She was rummaging through her briefcase, waiting for the New York-to-Washington shuttle, when The Perfect Man walked into the airport lounge.
He had Robert Redford's face and Nick Nolte's body. Gorgeous. A hunk. Adonis in a three-piece suit. She vowed to date him or die trying.
She boarded the plane first and saved him a seat. A slim, head-turning brunette, she wasn't surprised when he seemed about to join her. But he passed her by and took a seat in the rear.
When the plane landed he headed toward the baggage area.Although she had no baggage, she followed. She watched him pick up his suitcase, walk out of the airport and out of her life.
"I figured I had nothing to lose," recalls the 30-ish woman executive. She caught up to him, tapped his shoulder and said, "Excuse me, but I've wanted to meet you and I didn't know how. Can I buy you a drink?
"He said, 'Sure, I'm glad you asked.' We had a wild, fabulous time and became great friends."
From this experience came the rule that has brightened -- for this woman and others -- many a Saturday night: "When in doubt, ask him out."
Washington women live by this motto, claims Rozanne Weissman, who teaches on Open University course on the social scene called The Washington Connection.
"All single women in this town ask men out," she contends, "or they probably don't date at all. It's a competitive place. If you don't ask a man out, chances are someone else will."
"Women aren't waiting for a white knight to carry them away anymore," adds a Maryland psychologist. "They're just as likely to gallop up to him."
A logical reason for this phenomenon could, of course, be Leap Year -- in less liberated days the only acceptable time for woman as wooer -- but in recent years women have been asking men out, regardless of the leap legend.
"If you're a high-powered attractive woman, many men are afraid to ask you out," says a 38-year-old attorney. "They automatically assume you're going with someone or not available. If you don't give them a little encouragement, you'll both wind up sitting home."
"Everyone's so busy that it's tough to meet people," adds Anita Guttenberg, 28, a real-estate specialist. "Often women just have to make the first move."
"Married men are the only ones doing any asking these days," sighs a 25-year-old teacher. "If you want to date a single man, you've got to approach him."
It beats sitting at home waiting for the phone to ring, says Leslie Atkins, 25, a writer and public-relations consultant.
"When I'm the one doing the asking I'm more in control.
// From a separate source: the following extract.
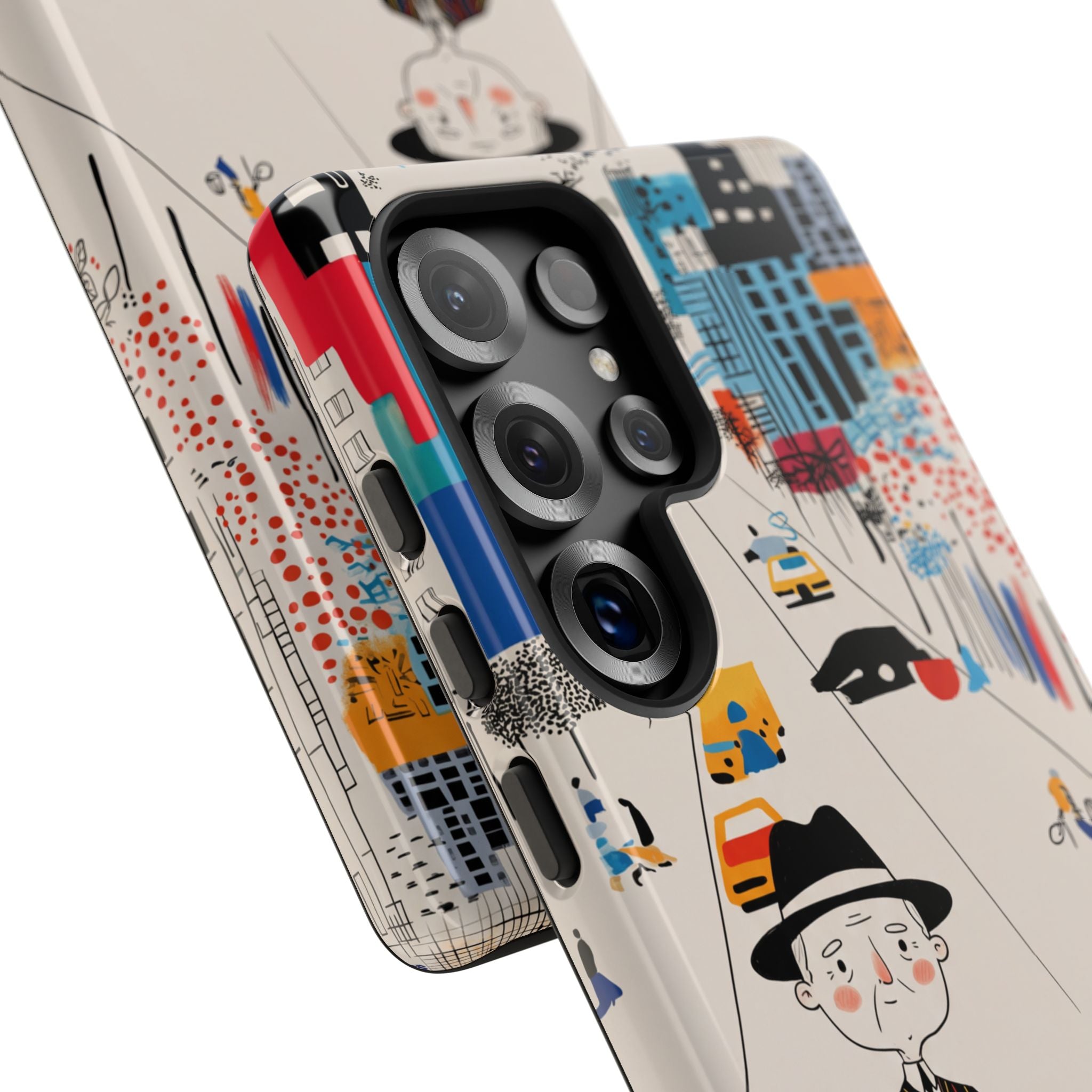 Vintage Grandpa Rider Motorcycle Samsung Galaxy Phone Case | Illustrated Cityscape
Then he's the one waiting by the phone. And I figure why not ask out a man I want to date, rather than waste my time with some of the men who ask me out."
Women say men are flattered by the advance. Men who've been asked out agree.
"They're ususally surprised and delighted," says a 30-ish divorcee. "And since they haven't had much practice at saying 'no,' you're usually assured of a date."
"It's an ego trip for the guy," says Richard Haddad, a founder of the men's liberation group Free Men. "It's simply nice to know that someone finds you interesting, likes you and is attracted to your body."
"There are probably men out there who would feel threatened and not know what to do if a woman asked them out," adds Free Men member Dick Conoboy. "But I think most men love it. It really takes the edge off the dating game."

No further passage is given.